The key point is that the network stack has to own shared state, and sending and receiving packets _must_ touch that shared state. If it's accessible to every process (shared memory), you've tossed out isolation and security. If it's not, you have to context switch.
> If your answer is to change the userspace architecture and shove everything into one process, you've made isolation _worse_.
Processes are one way of doing isolation but they're a very crude one (give each thing that needs to be isolated its own address space, swap the whole stack every time you switch tasks). A userspace scheduler (which, sure, would be running within a single process at the UNIX level, but that's the wrong level to be thinking about it) that knows about the details of what it's running can achieve the same level of isolation in a more lightweight way.

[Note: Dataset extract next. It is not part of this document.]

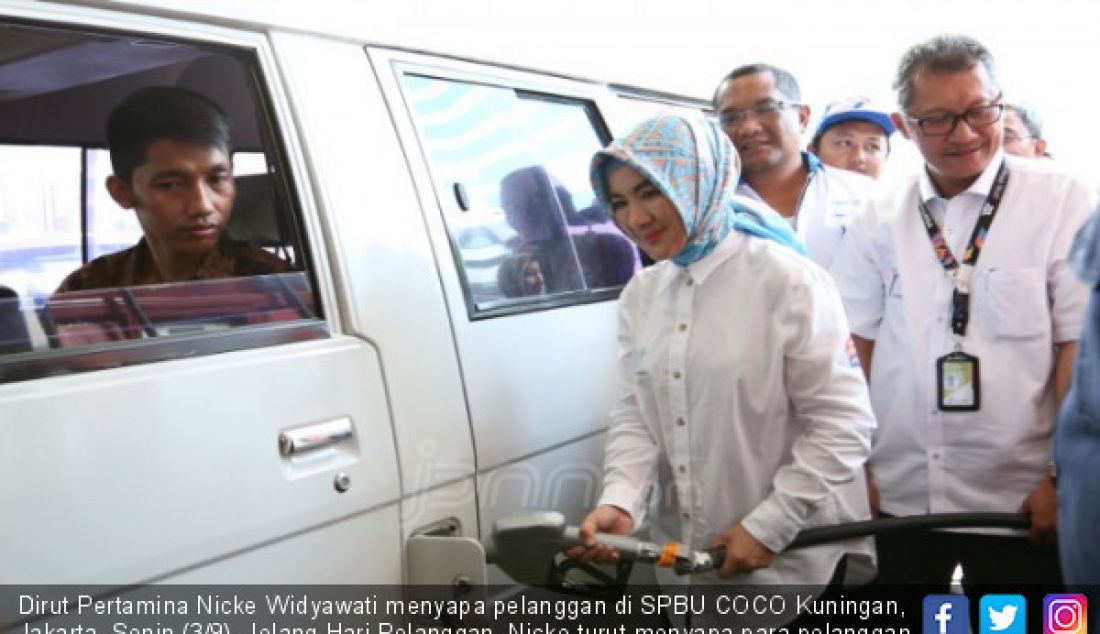 Dirut Pertamina Nicke Widyawati menyapa pelanggan di SPBU COCO Kuningan, Jakarta, Senin (3/9). Jelang Hari Pelanggan, Nicke turut menyapa para pelanggan dan memperkenalkan kehadiran bahan bakar baru dalam bentuk Biosolar 20 persen atau B20 yang telah diluncurkan sejak 1 September 2018 lalu. - JPNN.com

netcat does switch into and out of the kernel; you're otherwise correct that userland networking pulls towards a one-process appliance (hence my original "... that don't need to care about playing nice with others").
No, if OpenBSD was actually better for those use cases I guess companies would have noticed it already, instead of paying for microkernels with slower performance.
"The tension in any of these systems is between performance and isolation. "
Also caught my attention. In my mind it is a bit analogues to discussion about 'microservices'.
Although micro services, are probably at the peak of the Hype Cycle.
Where isolation is projected as 'productivity enabler', across teams.
Very difficult to challenge this, especially if you work for a company where revenue is declining/not growing because of lack of ideation/innovation/market conditions.
So, when company fails to ideate and grow revenue, the product management/CIO will be turning onto the productivity.
I suspect the next move for the company, where the above is discussed, -- is moving Development to a lower cost area.
Especially if the 'hiring problem HR is noting' is not just with requirements, but also salary ceilings.
THIS : " If your problem must be decomposed into a set of cooperating processes, then programming in user space is the exact same problem as programming in the kernel"
Corollary (in my experience): many systems evolve to have many cooperating processes.
and THIS: "The tension in any of these systems is between performance and isolation."
To solve for the root issue described - hiring(1) - they should be looking for people who have an aptitudes for these those types of issues ..more so than say kernel or user space skills & experience.
(1) "HR complained that they could not find sufficient, qualified engineers to meet the demands of management for more hands to make more features"
Minor unrelated complaint, but when you write "hiring(1)" like that, it immediately makes me think there's an unknown man page I need to read rather than a footnote reference. In my experience, citations and footnotes generally use brackets, e.g. "hiring[1]".
1. It entertains a performance argument without interrogating the task and environment the appliance is engaged in. You can always in theory make a typical program faster by rewriting it in carefully scheduled assembly. We don't often do that because the performance win would be irrelevant to the problems we're trying to solve.
2. It pretends that the only reliability benefit from moving to u from k is in virtual memory. But, no: the major benefit is from moving from C to something more expressive and safer. The notion of "defect density" captures this argument: with it held constant, a solution that can be expressed in fewer lines of code will have fewer faults. But, of course, defect density between C and a high-level language won't be constant, and it won't favor C, where you can't even count safely with the basic types provided by the language.